South Africa ‘must conserve water’

21 May 2013

South Africa’s plans for a water-secure future are in place, says Water and Environmental Affairs Minister Edna Molewa, but will require all South Africans to play their part in conserving water.

Briefing the media before her budget vote in Parliament in Cape Town on Tuesday, Molewa said South Africa was not running out of water as speculated in some media reports.

“Our strategic plans are sound and geared towards a sustainable future water security, but they require that each one of us make their small contribution at every turn to guarantee a water-secure future for generations to come.”

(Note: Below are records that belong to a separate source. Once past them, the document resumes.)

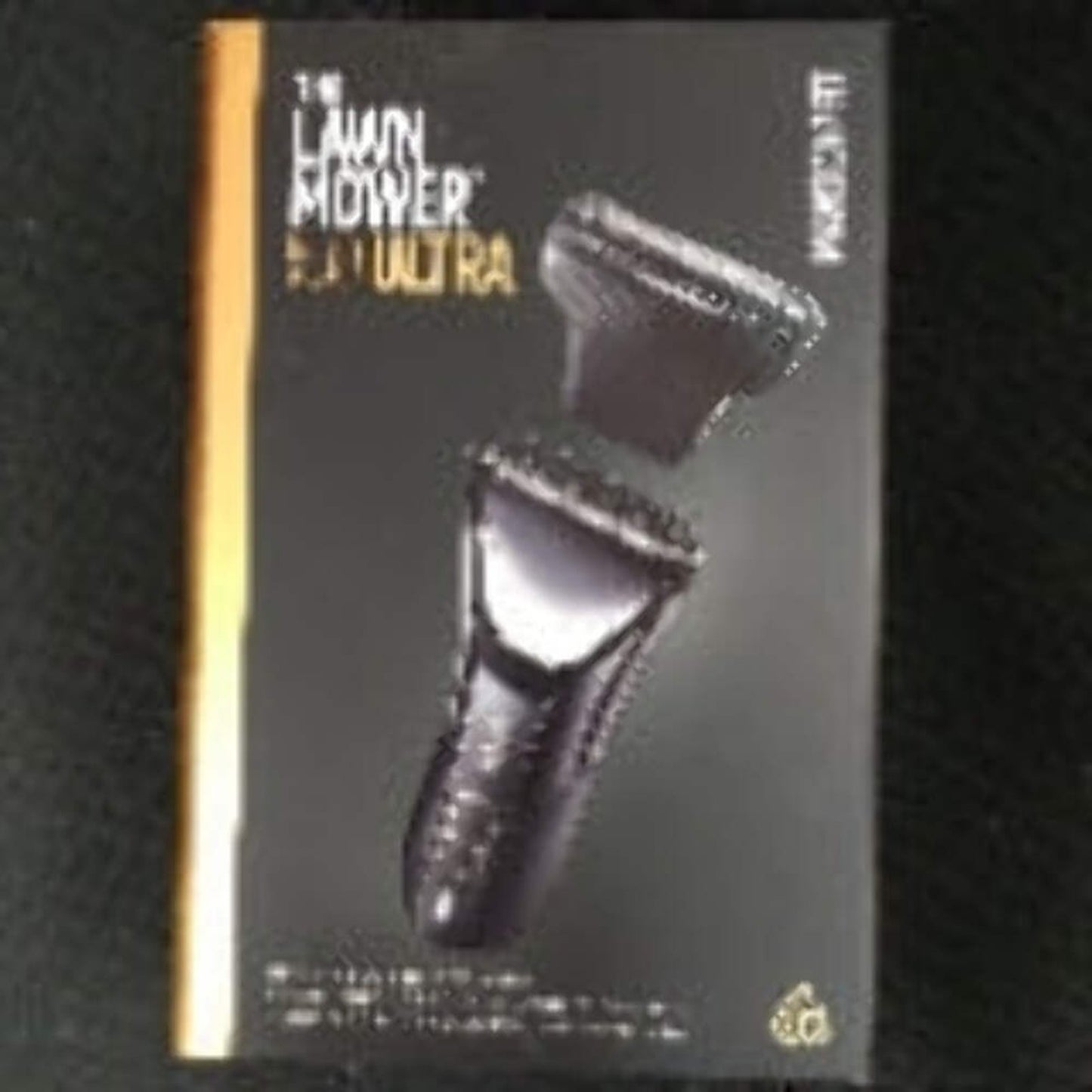 Black and gray packaging featuring The Lawn Mower 3.0 Ultra electric shaver with close-up images of the shaver and detachable head against a dark background.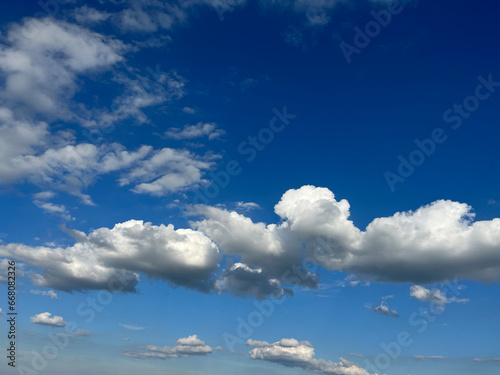 White cumulus clouds on the background of blue sky, background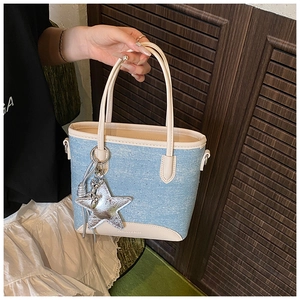 Détail d'un sac cabas en denim bleu avec finitions en cuir crème et pendentif étoile
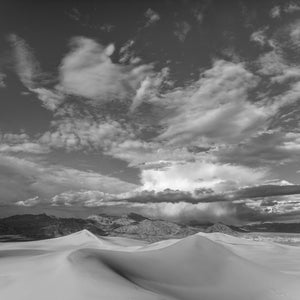 Monochrome desert landscape with pale dunes and a towering cloud filled sky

There were no immediate plans to introduce water restrictions to control the use and distribution of water resources, Molelwa said, but added that the situation was being monitored and that restrictions could be introduced if necessary.

Water wastage ‘serious’

Water losses in South Africa were “indeed serious. That’s why we are calling on the nation to save water,” the minister said, adding that South Africa was losing up to 36% of its drinking water through leaking pipes, dripping taps and illegal water usage.

The agricultural sector was also a big water user. A strategy to adapt, change and reduce the water usage in this sector was ready, Molewa said.

According to the country’s latest census, conducted in October 2011, the number of households access to piped (tap) water in South Africa rose from 84.4% in 2001 to 91.2% in 2011.

Nearly half, or 46.3%, of the country’s households have tap water inside their homes (up from 32.3% in 2001), according to census 2011, while 27.1% have tap water inside their yards (down from 29%), 11.7% have tap water on their community stand less than 200 metres from their homes (up from 10.7%), and 6.2% have to walk more than 200 metres to reach tap water on their community stand (down from 12.4%).

Water infrastructure

Molewa said the department was facing the twin challenge of reaching the rest of the population missing out on access to water, and that of repairing infrastructure problems.

The department would focus on the functionality of municipal infrastructure and sustainable service delivery in 2013/14, because “improving the skills bases in the water sector is vital to the success of our efforts and ensuring security of supply”.

During 2011/12, South Africa’s water boards had reduced the debt of municipalities to R1.3-billion. The boards generated R10.5-billion from water sales in 2011/12, paying their own operational costs and investing R2.1-billion in infrastructure development. A further R3.3-billion was now being invested.

On infrastructure development, Molelwa said the Komati Water Augment Project, which provides water to Eskom’s Duva and Matla power stations, had been finished, while the De Hoop Dam in Limpopo province was nearing completion, and significant progress had been made on construction of the Spring Grove Dam in KwaZulu-Natal.

In North West province, the first phase of the R1.2-billion Pilanesberg scheme was being implemented in partnership with the mines to provide a further 100 megalitres of water to local municipalities and mines. About 700 direct jobs were being created, while new mining developments would open up 6 000 indirect permanent jobs.

In the Free State, Molewa said, R156-million would be spent on two new pipeline projects that would provide additional water to the Botshabelo and Thaba Nchu municipalities as well as the Mangaung (Bloemfontein) metro.

In 2012/13, the department’s Adopt-a-River project, which fights the pollution of rivers, led to 24 rivers being cleaned, creating 985 jobs for women in the process.